As I looked at art more and more, I discovered that that wasn't really a true picture. What really happened was that there was sometimes very fertile scenes involving lots and lots of people - some of them artists, some of them collectors, some of them curators, thinkers, theorists, people who were fashionable and knew what the hip things were - all sorts of people who created a kind of ecology of talent. And out of that ecology arose some wonderful work. The period that I was particularly interested in, 'round about the Russian revolution, shows this extremely well. So I thought that originally those few individuals who'd survived in history - in the sort-of "Great Man" theory of history - they were called "geniuses". But what I thought was interesting was the fact that they all came out of a scene that was very fertile and very intelligent. So I came up with this word "scenius" - and scenius is the intelligence of a whole... operation or group of people. And I think that's a more useful way to think about culture, actually. I think that - let's forget the idea of "genius" for a little while, let's think about the whole ecology of ideas that give rise to good new thoughts and good new work.
In approaching Cage’s The Future of Music: Credo with this perspective in mind, we can gain a better appreciation of the wider cultural and creative context that Cage was embedded in in the 1930s and 40s, and how through his intensive research in the period he was a product of that culture - and was a theoretical collagist, a synthesizer of ideas.
One thing I want to mention in this short post is the date of The Future of Music: Credo. Leta E. Miller has convincingly provided evidence that Cage could not have delivered the lecture - that the later 1958/1961 published text is based on - in 1937 (in fact, the lecture took place in Seattle on 18th February 1940). David Nicholls has explained that this makes far more sense in relation to the texts that he drew from as sources for his ideas. Richard H. Brown suggests that in fact The Future of Music: Credo was probably pieced together before first publication in the late 1950s.
But there is one glaring piece of evidence that I don’t believe has been mentioned previously that demonstrates that sections of the lecture could not have been written before August 1940 at the earliest. Cage writes
Most inventors of electrical musical instruments have attempted to imitate eighteenth- and nineteenth-century instruments, just as early automobile designers copied the carriage. The Novachord [released in February 1939] and the Solovox [released in August 1940] are examples of this desire to imitate the past rather than construct the future.
Cage may well have had a point about this, but he couldn’t have written it while he was in Seattle, and it could not have been part of the lecture he delivered on 18th February 1940 shortly before leaving the city.
The Hammond Solovox was introduced to the US public in early August 1940 - 6 months after Cage delivered the lecture to a Seattle audience.

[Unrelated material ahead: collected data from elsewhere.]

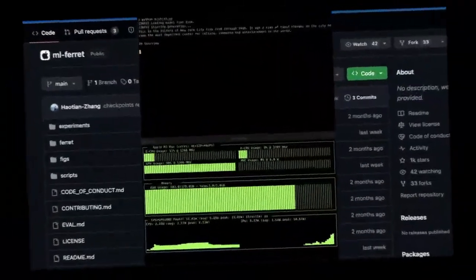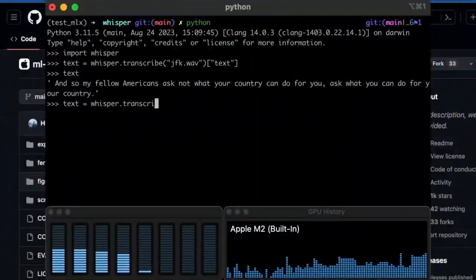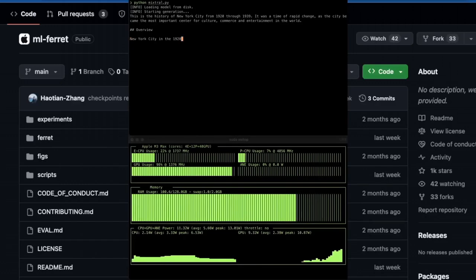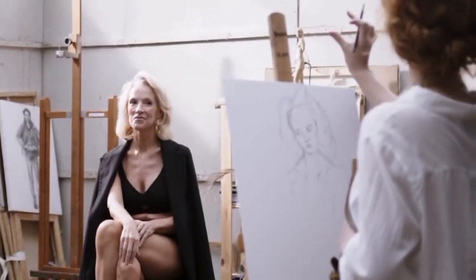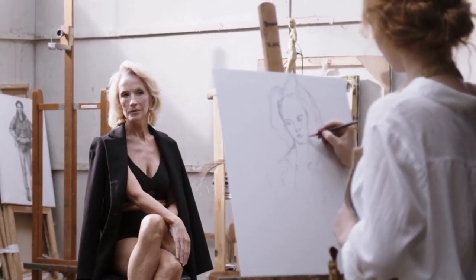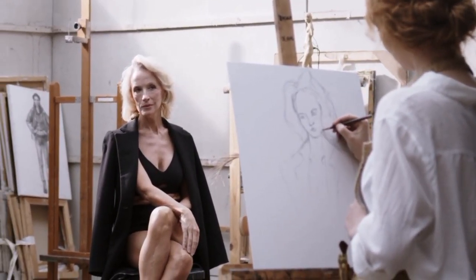The key innovation of Ferret is its ability to detect semantic objects and concepts within user-specified regions of an image, rather than just analyzing the whole image. For example, a user can draw an irregular shape around a person's face in a photo and ask, "What color are this person's eyes?" Ferret will then identify the eyes within that region, detect they are blue, and respond, "This person has blue eyes."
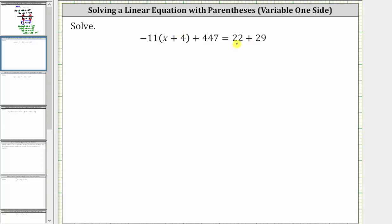To solve a given equation, we need to determine the value of the variable that satisfies the equation or makes the equation true. To do this, we need to isolate x on one side of the equation. To begin solving, the first step is to simplify both sides of the equation.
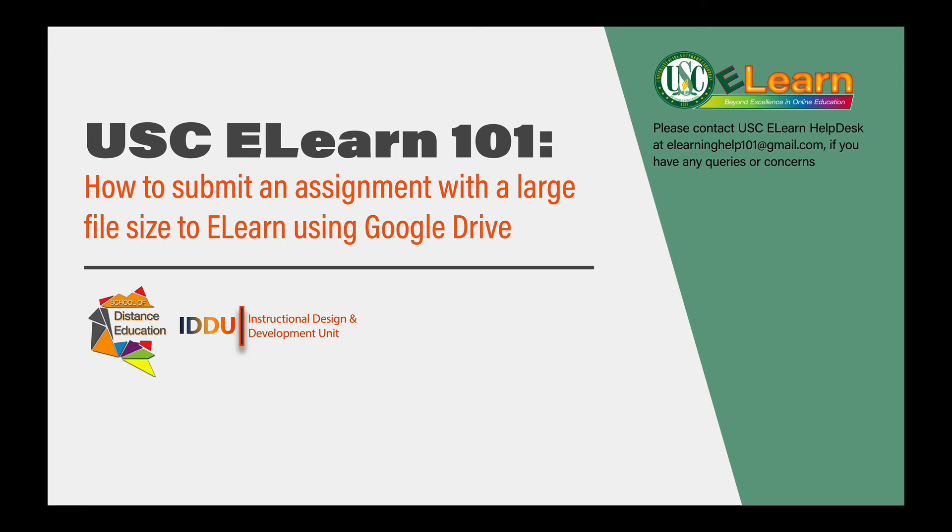Hello everyone! Today we're going to be looking at how to submit an assignment with a large file size to eLearn using Google Drive.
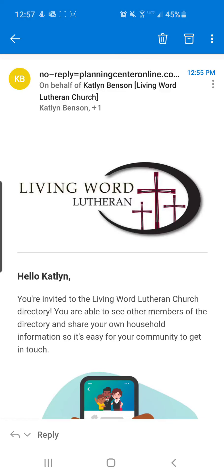Hello, Living Word! In this video, I will be showing you how to join the digital directory on the Church Center app. If you do not already have the Church Center app on your phone, pause this video and watch the downloading the Church Center app tutorial video posted on Facebook and YouTube.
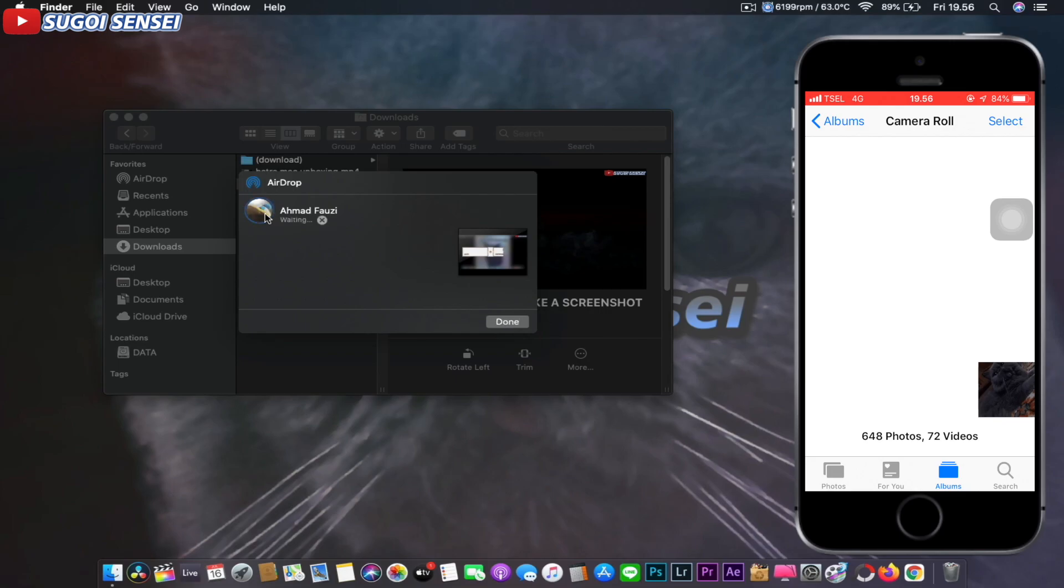Click to send. The file is being sent. When the file has finished sending, the sending text will change to sent.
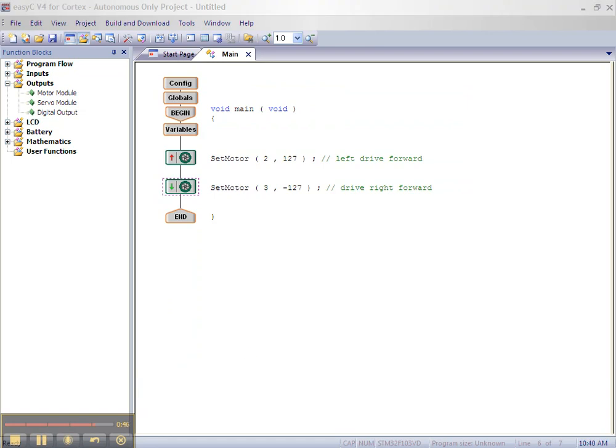Now we want to have the motors move forward for 1.5 seconds. To do this, click on the plus sign beside the program flow and drag the wait block onto the line below the last block you just added and the end block.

Richard H. Brown has noted that the version of The Future of Music: Credo first published in 1958, then in the 1961 collection Silence: Lectures and Writings, must contain material from a number of articles and research writings from the late 1930s through to the 1940s. In fact, the text concerning the Novachord and Solovox can be found in a Guggenheim Grant application from late 1940, and must have been ‘cut and pasted’ into a collated version of The Future of Music: Credo at a later date.
In the next few posts I’ll be looking at this and other matters concerning the Cage lecture in more detail, as well as looking back at the sources Cage drew from.